:: GOAL OF THE EXERCISE ::
Copy task. Retype the whole listing exactly, omitting any picture in it.

(SOURCE DATA begins)

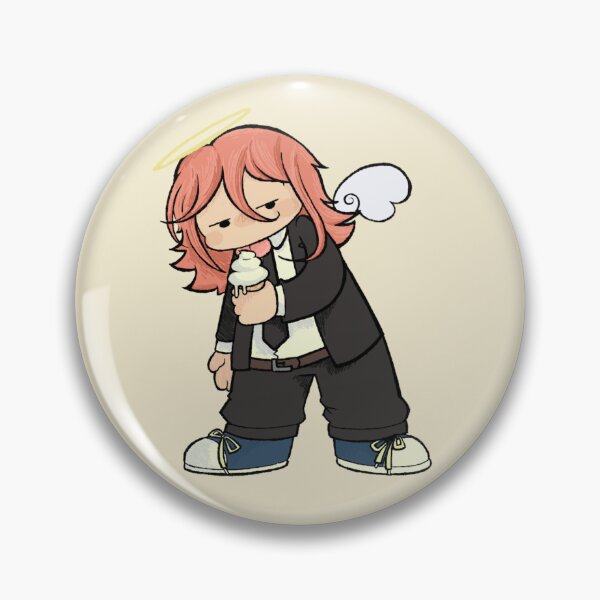 Item preview, The Angel Devil Eating Ice Cream designed and sold by Silly-Store.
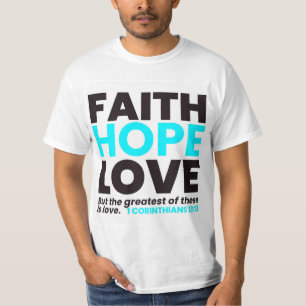 Hoffnung und T - Shirt der Liebe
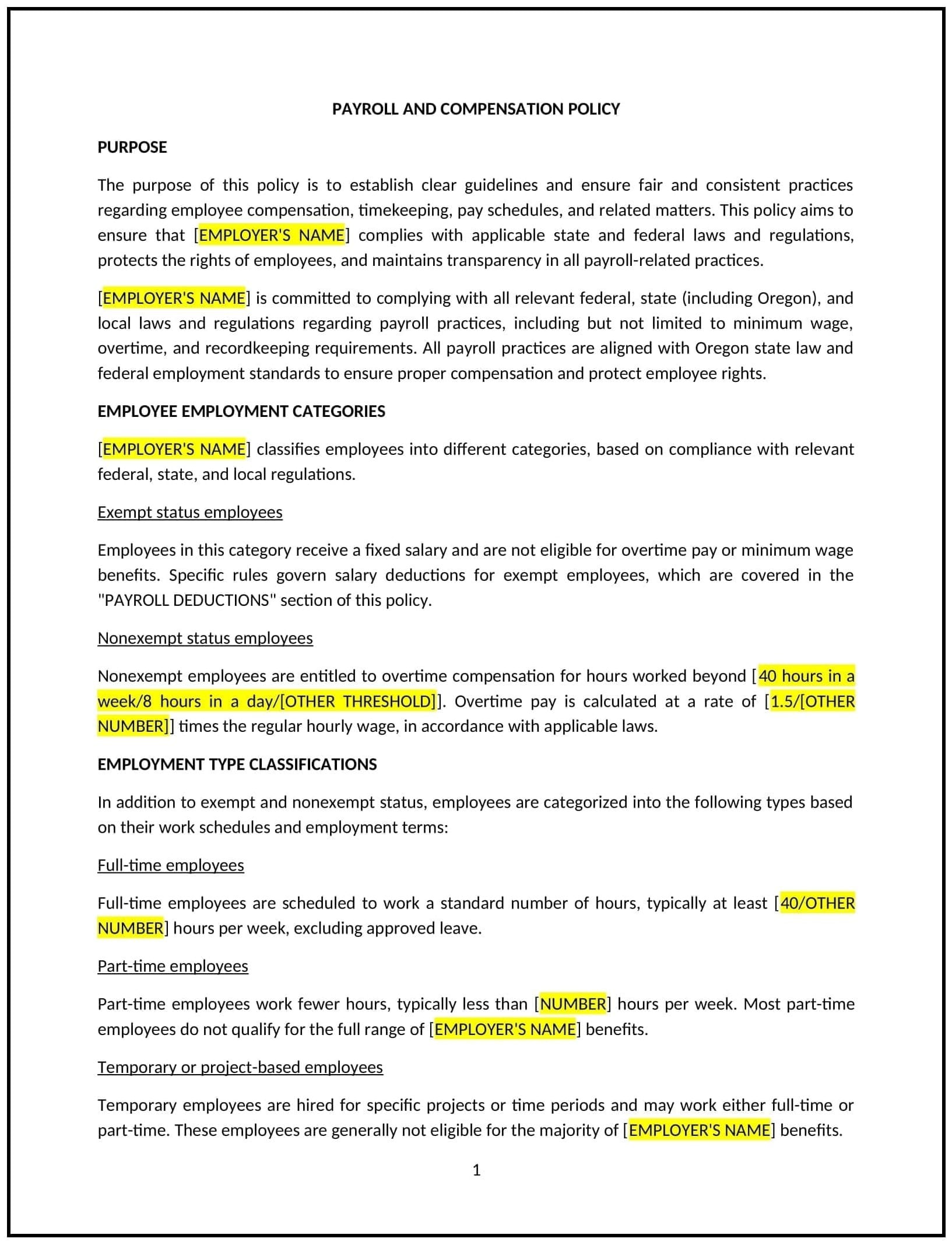Payroll-and-Compensation-Policy--Oregon--1-1-1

(SOURCE DATA ends)

:: SOLVED PROBLEM ::
 Item preview, The Angel Devil Eating Ice Cream designed and sold by Silly-Store.
 Hoffnung und T - Shirt der Liebe
Payroll-and-Compensation-Policy--Oregon--1-1-1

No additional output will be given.